» **DATASET ENTRIES**
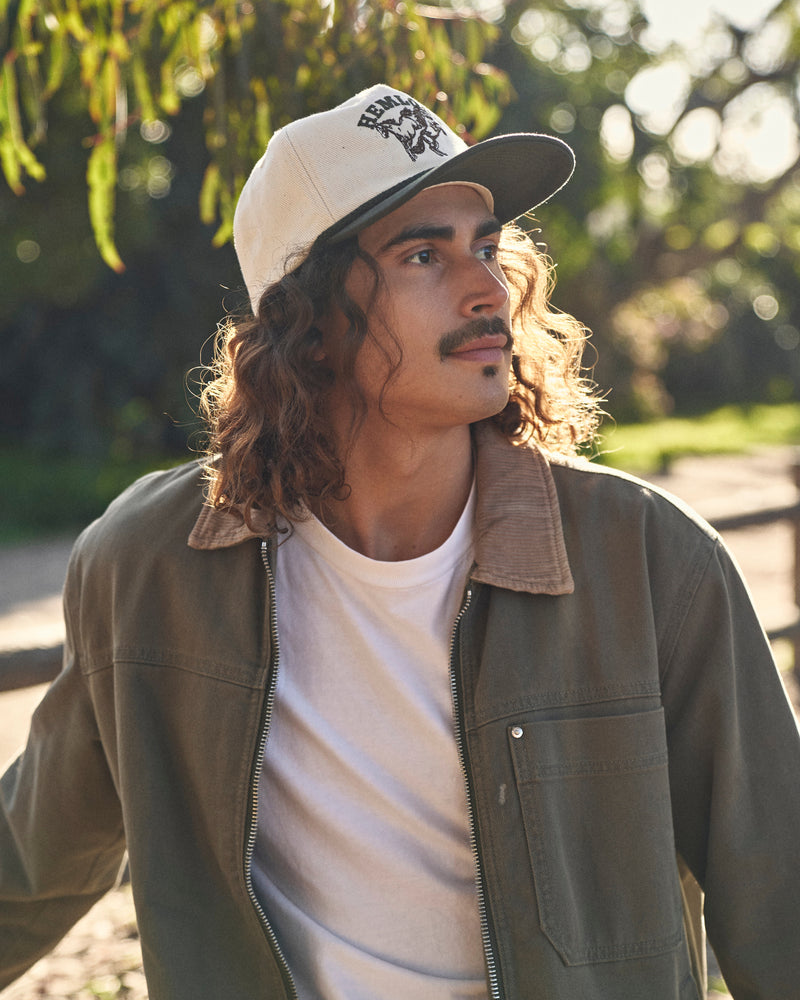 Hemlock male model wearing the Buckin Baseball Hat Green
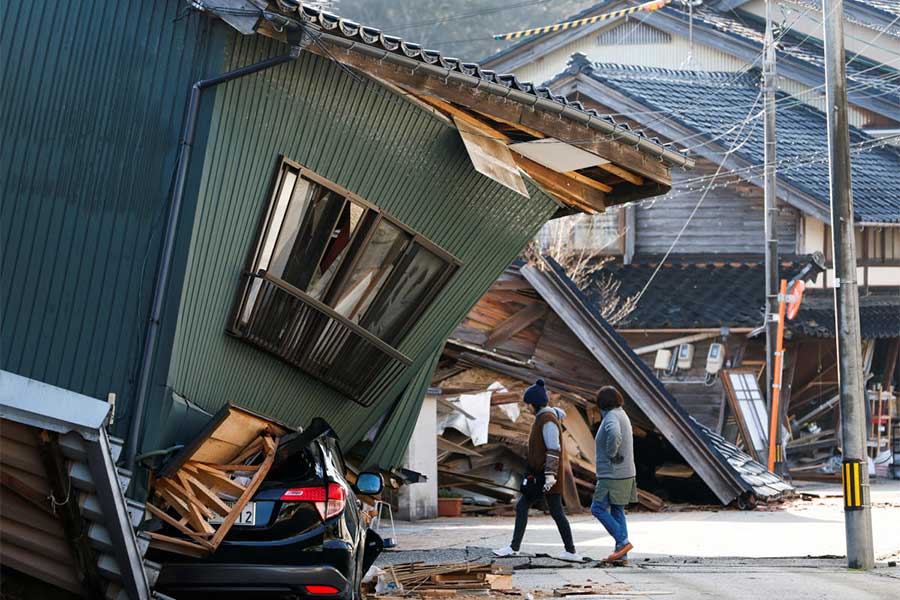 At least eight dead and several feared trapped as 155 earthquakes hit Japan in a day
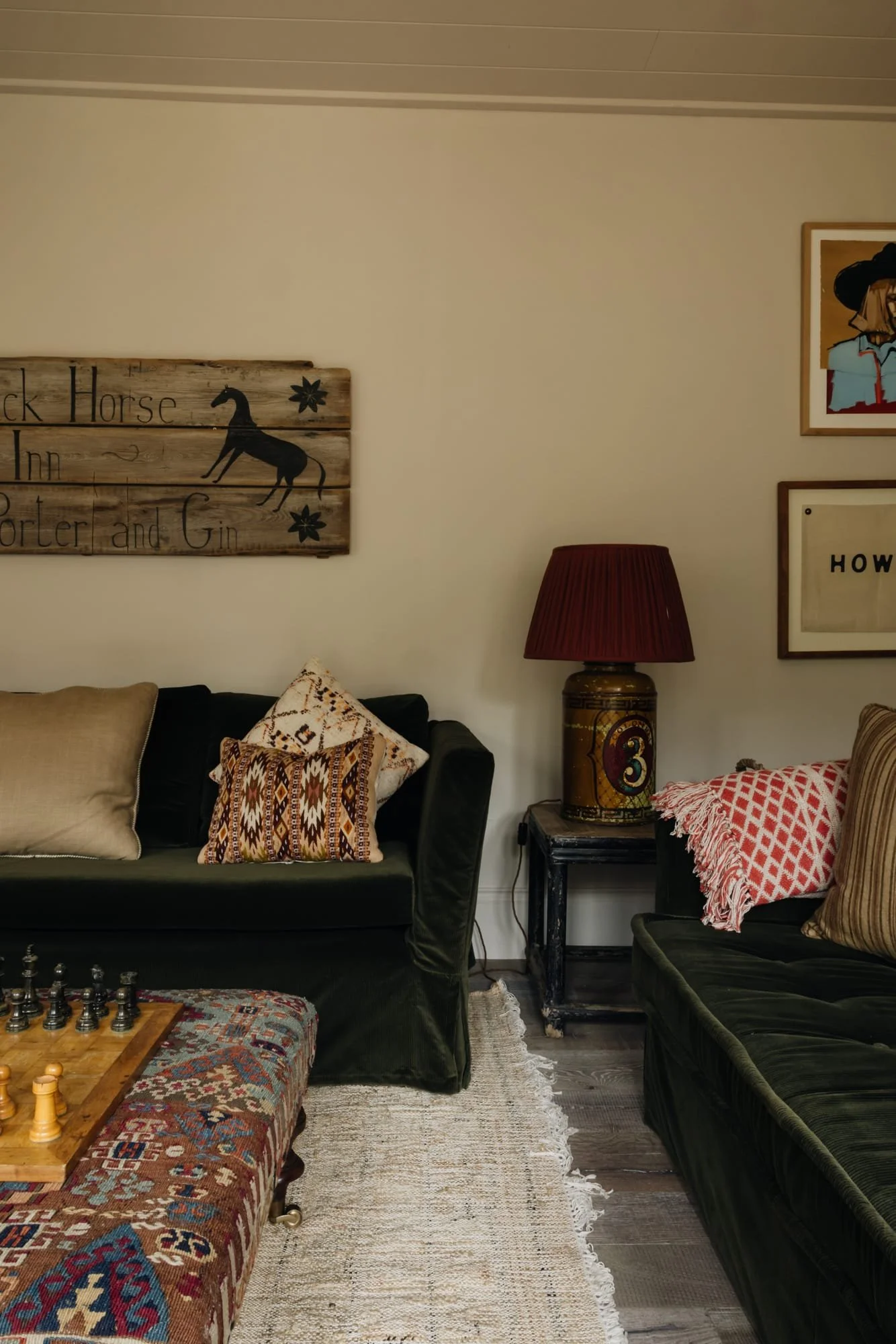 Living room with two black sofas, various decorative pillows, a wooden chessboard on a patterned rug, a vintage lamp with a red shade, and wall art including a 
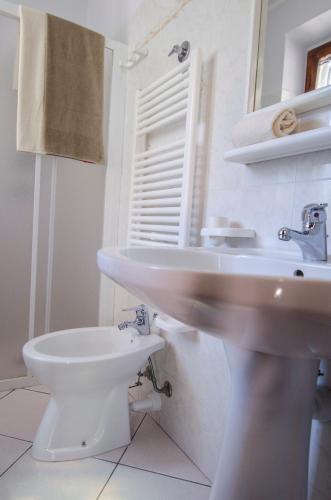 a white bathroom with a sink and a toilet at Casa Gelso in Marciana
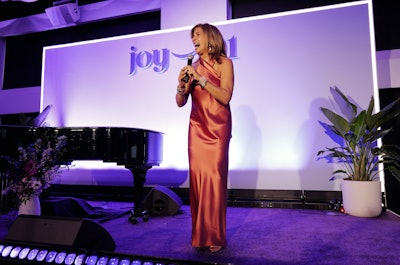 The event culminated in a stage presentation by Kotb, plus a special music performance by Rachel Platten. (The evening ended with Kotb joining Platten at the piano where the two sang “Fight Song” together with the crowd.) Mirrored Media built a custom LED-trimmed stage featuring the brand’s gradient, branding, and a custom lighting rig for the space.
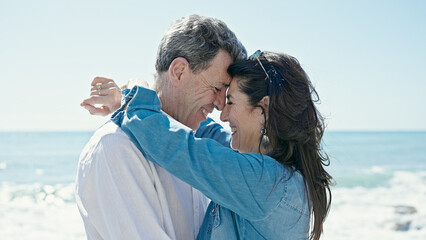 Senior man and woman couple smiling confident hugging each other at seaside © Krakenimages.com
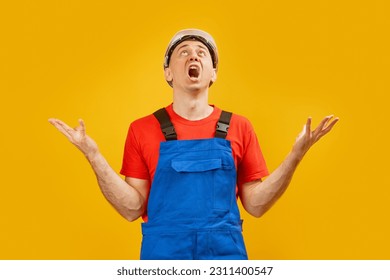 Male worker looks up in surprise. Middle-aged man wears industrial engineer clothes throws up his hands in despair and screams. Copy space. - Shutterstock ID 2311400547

--

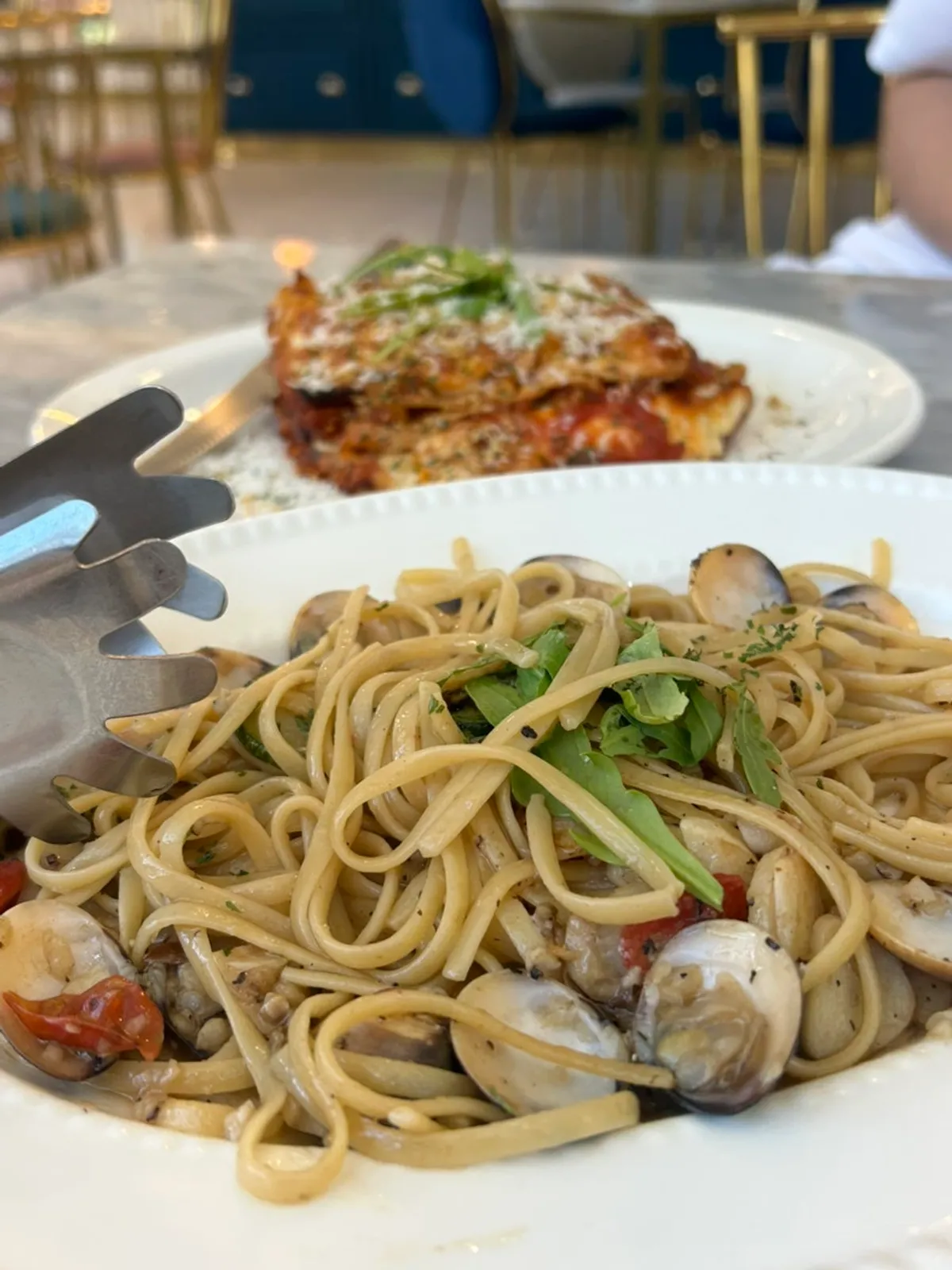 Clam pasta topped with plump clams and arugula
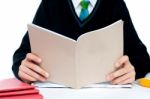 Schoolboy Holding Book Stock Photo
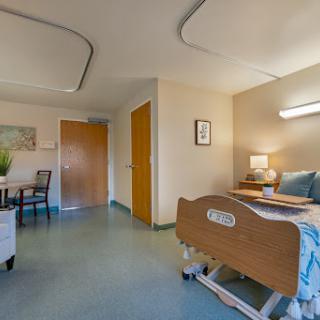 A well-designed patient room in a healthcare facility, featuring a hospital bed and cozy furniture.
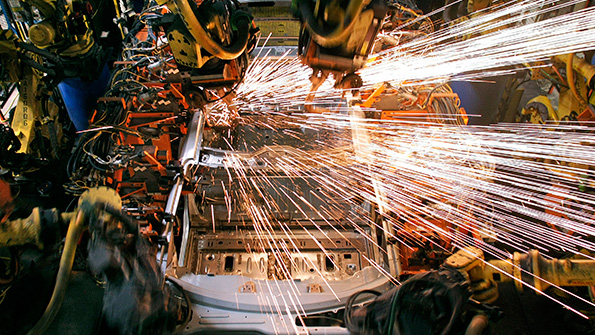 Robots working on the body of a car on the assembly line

» **TASK**
Using the entries above, transcribe every line from the line containing "Clam pasta topped" through the line containing "Robots working on". Do not copy pictures.

» **EXERCISE ANSWER**
 Clam pasta topped with plump clams and arugula
 Schoolboy Holding Book Stock Photo
 A well-designed patient room in a healthcare facility, featuring a hospital bed and cozy furniture.
 Robots working on the body of a car on the assembly line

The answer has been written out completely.